The validation output indicates minor overfitting. Overfitting would have been worse had the risk factors not been so strong.
# par(mar=c(8,5,3,2),cex = 1.0)
graphics::plot(cal_all.features, main = "all.features Bootstrap Overfitting-Corrected Calibration Curve",
xlim = c(0, 1), ylim = c(0, 1), xlab = "Nomogram-Predicted Probability of Matching", ylab = "Actual Matching (proportion)",
lwd = 2, lty = 1, errbar.col = c(rgb(0, 118, 192, maxColorValue = 255)), legend = FALSE, subtitles = FALSE,
cex.lab = 1.2, cex.axis = 1, cex.main = 1.2, cex.sub = 0.6, scat1d.opts = list(nhistSpike = 240,
side = 3, frac = 0.08, lwd = 1, nint = 50))
n=3904 Mean absolute error=0.011 Mean squared error=0.00021
0.9 Quantile of absolute error=0.023
lines(cal_all.features, lwd = 2, lty = 3, col = c(rgb(255, 0, 0, maxColorValue = 255)))
abline(0, 1, lty = 5, lwd = 2, col = c(rgb(0, 0, 255, maxColorValue = 255)))
legend("bottomright", cex = 0.8, legend = c("Apparent", "Bias-corrected", "Ideal"), col = c("red", "black",
"blue"), lwd = c(1, 1, 1), lty = c(1, 1, 2))
Model
all.features
appears to underpredict a bit at the mid-range predicted values. At the lower predicted values all.features
tends to overpredict matching success. The closeness of the calibration curve to the 45 degree line demonstrates excellent valudation on an absolute probability scale.
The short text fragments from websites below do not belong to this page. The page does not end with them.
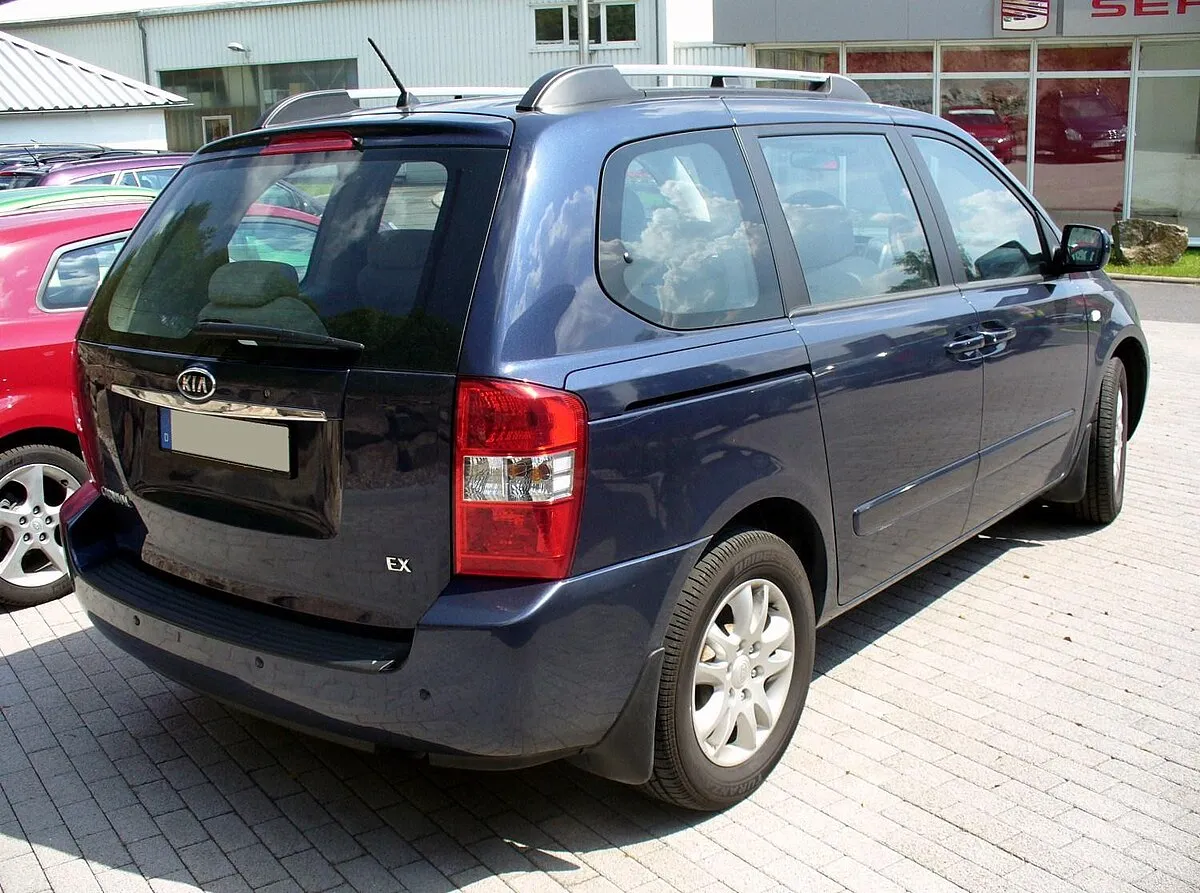 Kia Carnival EX 2025 - Image 2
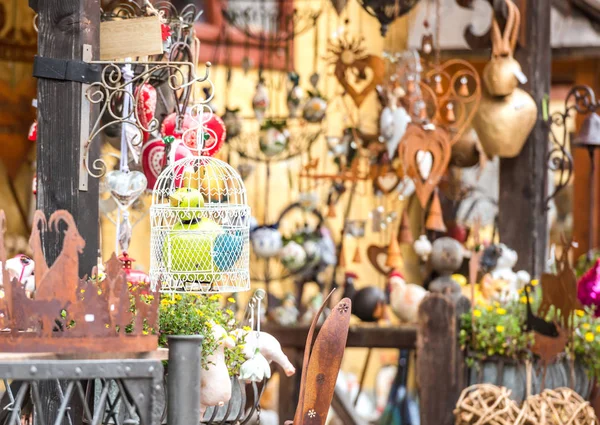 Visa av souvenirer och dekorationer gatan butik — Stockfoto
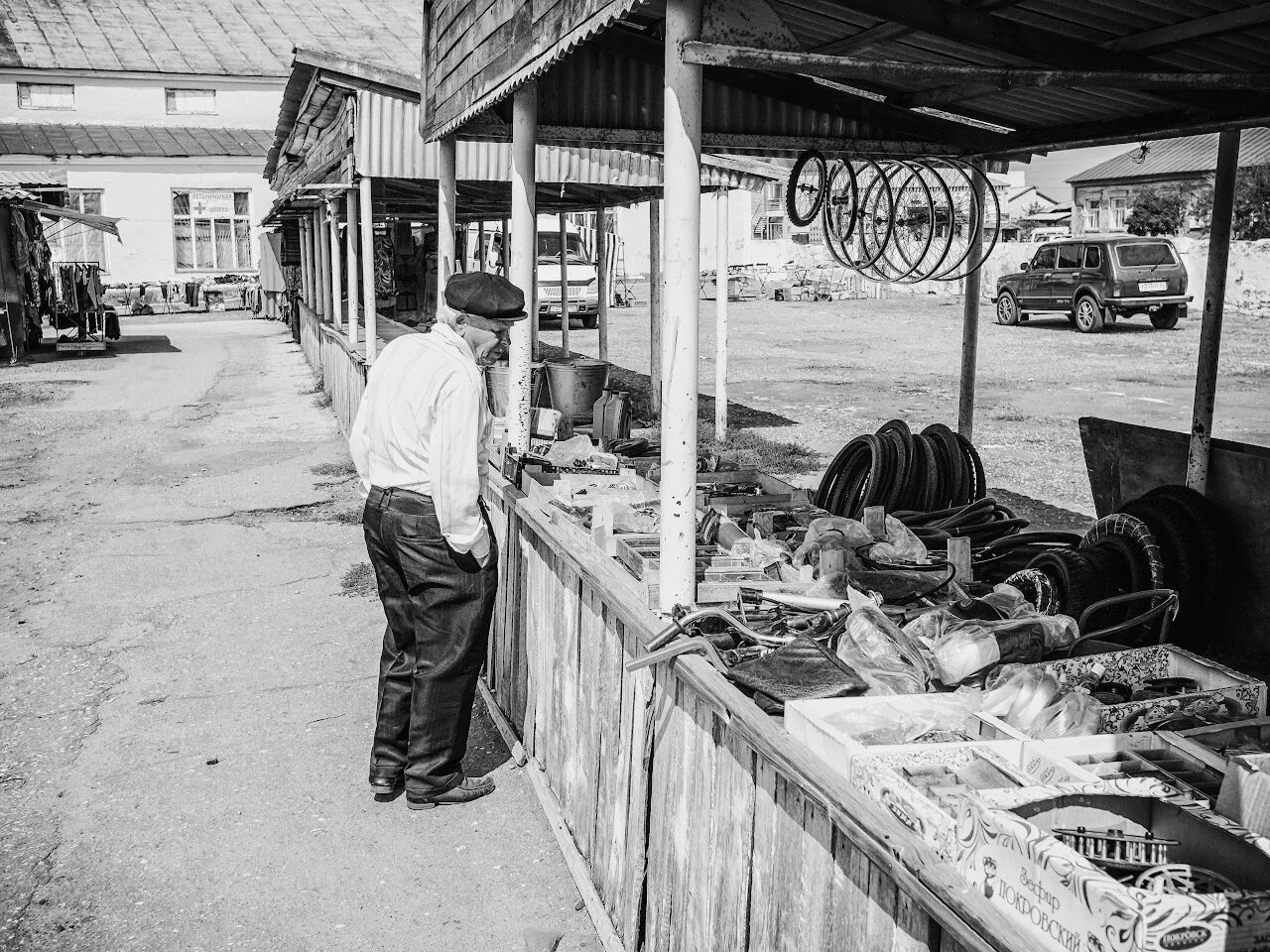 Что рынок давал городу. Колхозный рынок Бухара. Колхозный рынок Калининска Саратовской. Колхозный рынок после войны 1941-1945. Колхозный рынок Евпатория.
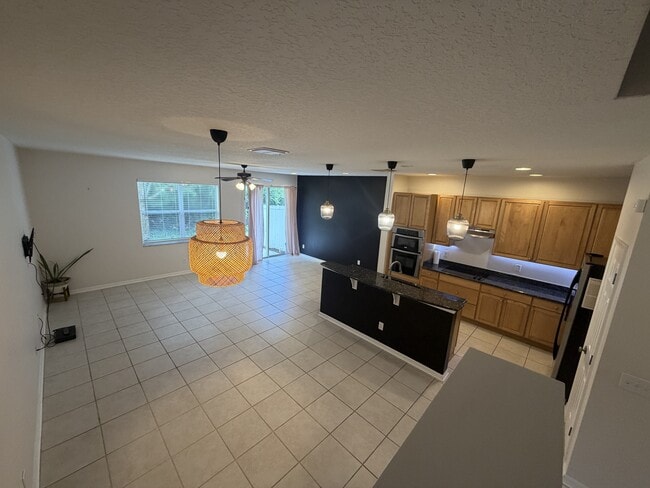 Photo - 505 Lake Eagle Ln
There is no missing data so that is not contributing doubts to the validity of the model.
Note that the cross-validated Somers’ Dxy statistic is: 0.59. Compare this to the nominal C = 0.79 shown in the summary. So, it looks like this model is slightly overfitting the data.
The prevalence of not matching into OBGYN residency found in this study (34.1)% reinforces the finding from previous research that the match is exceptionally competitive for obstetrics and gynecology and not matching is a common problem.
We have successfully built and internally validated a model that accurately predicts a medical students’s chance of matching into an Obstetrics and Gynecology residency. The initial test of the model’s generalizability are promising as it was developed from a large cohort. It will be further generalized by testing in a subsequent cohort from multiple different institutions across the country.
This study has several limitations. Because it was a retrospective study, the details of some predictors could not be discerned. Although the nomogram was developed in a bootstrap validated cohort, their educational use must be externally validated and evaluated. All variables used were easily exportable from the Program Director’s Workstation but incorporation of additional variables would be ideal. Some potentially important variables were not available in the data set and thus could not be included in the nomogram, such as letters of recommendation or USMLE clinical skills scores. We purposely did not include USMLE Step 1 score as a variable given the change to a pass or fail test. Although the C index for this model suggests good performance, the inclusion of additional applicant-level variables could result in more precise risk-prediction models.
This study found that a nomogram developed with pre-Match data to generate personalized estimates of matching into OBGYN residency may improve pre-Match counseling and interventions to medical students at high risk for not matching.
To compare the ROC curve of the model with the ROC curve of clerkship directors. The comparison will be done with the C-statistic.